ACT’s Advanced Modeling Research (AMR) focuses on developing a fundamental understanding of physical and chemical processes at the micron and sub-micron scale. These bottom-up multi-scale simulation approaches have the potential to link the atomistic length-scale to the product-level, offering highly accurate prediction tools. According to Dr. Tapan Desai, R&D Manager at ACT, “These awards demonstrate ACT’s depth and breadth in performing advanced modeling to develop prediction toolkits for ACT’s government and commercial customers. ACT’s advanced modeling capabilities directly benefits our customers by helping them gain a fundamental understanding of the “cause and effect” leading to high performance products with substantial cost savings”.

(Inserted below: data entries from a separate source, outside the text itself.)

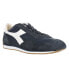 Фото #2 товара Diadora Equipe H Canvas Stone Wash Lace Up Mens Size 12 M Sneakers Casual Shoes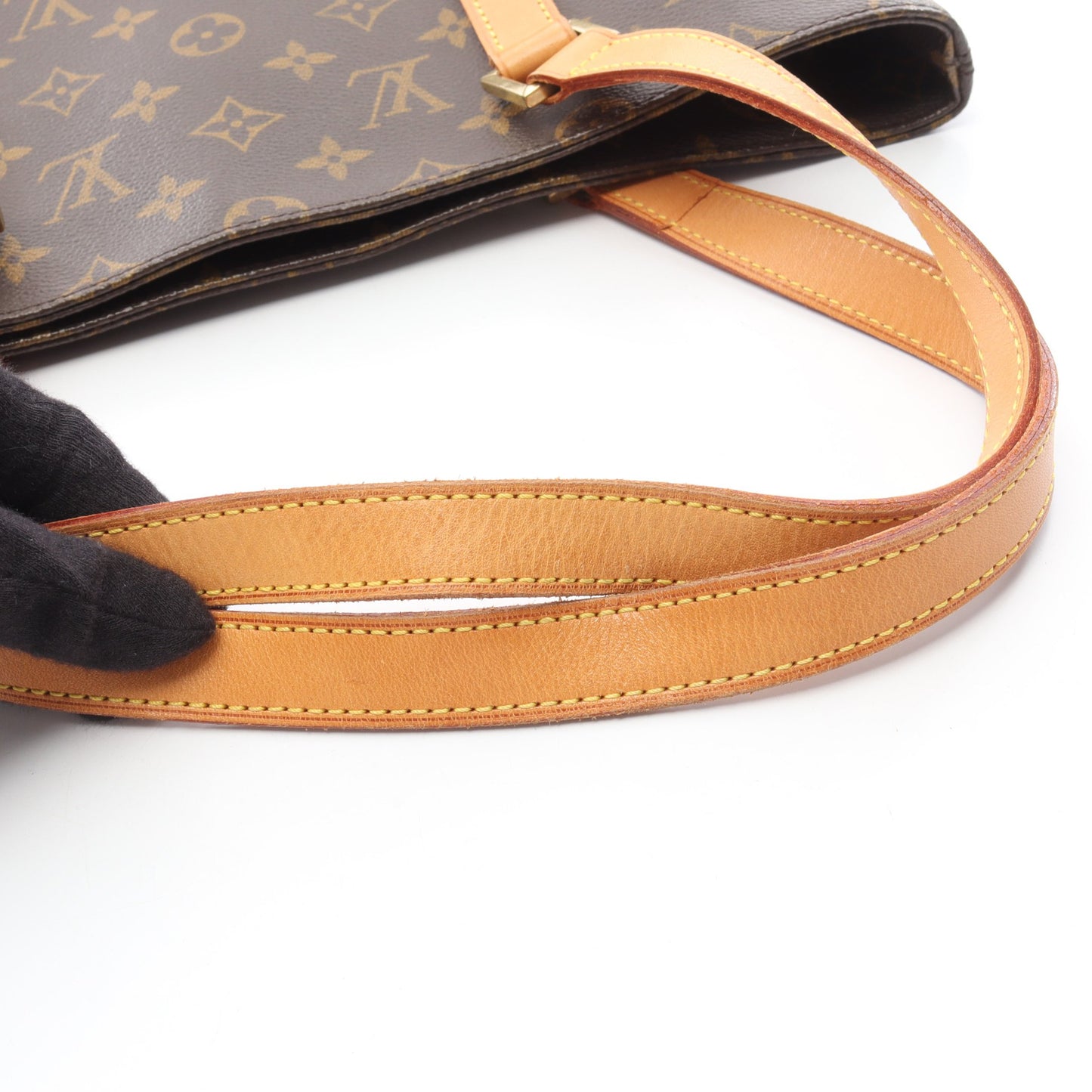 ヴァヴァンGM モノグラム ショルダーバッグ トートバッグ PVC レザー ブラウン ルイヴィトン バッグ LOUIS VUITTON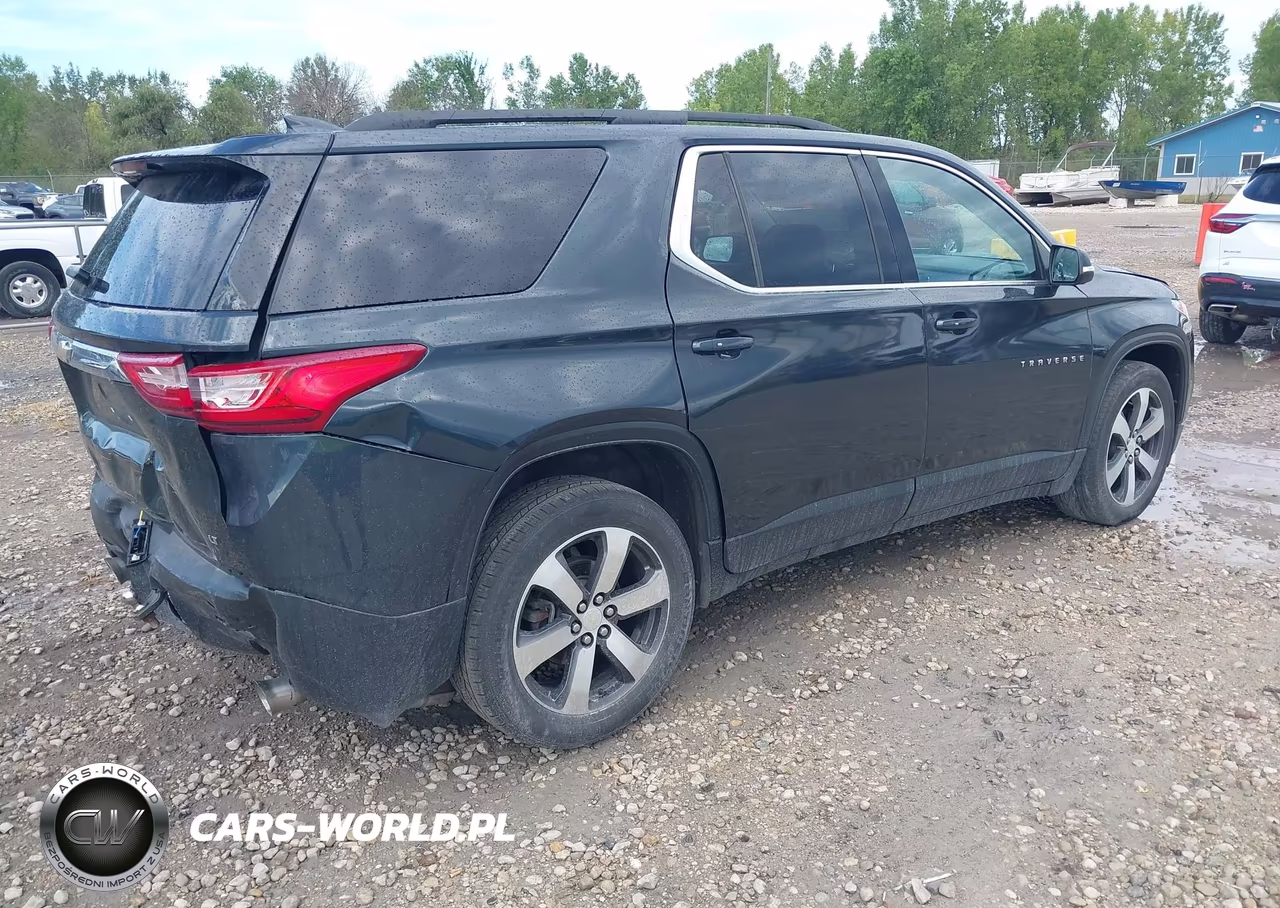 2021 Chevrolet Traverse Awd Lt Leather VIN:1GNEVHKW2MJ155745 - 4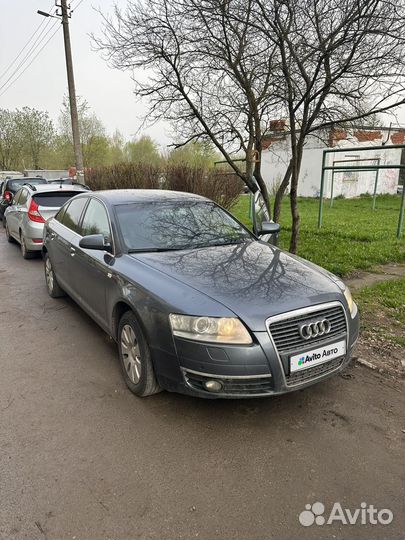 Audi A6 2.4 CVT, 2008, 282 000 км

ACT’s reactive MD simulation of ablative rubber composite in oxygen atmosphere

ACT’s reactive MD simulation of ablative rubber composite in oxygen atmosphere

 

For more information about these emerging technologies, visit our website https://www.1-act.com/advanced-technologies/advanced-modeling/

Crack propagation simulation

ACT’s simulation of crack propagation in composite lamina using meshless peridynamics approach.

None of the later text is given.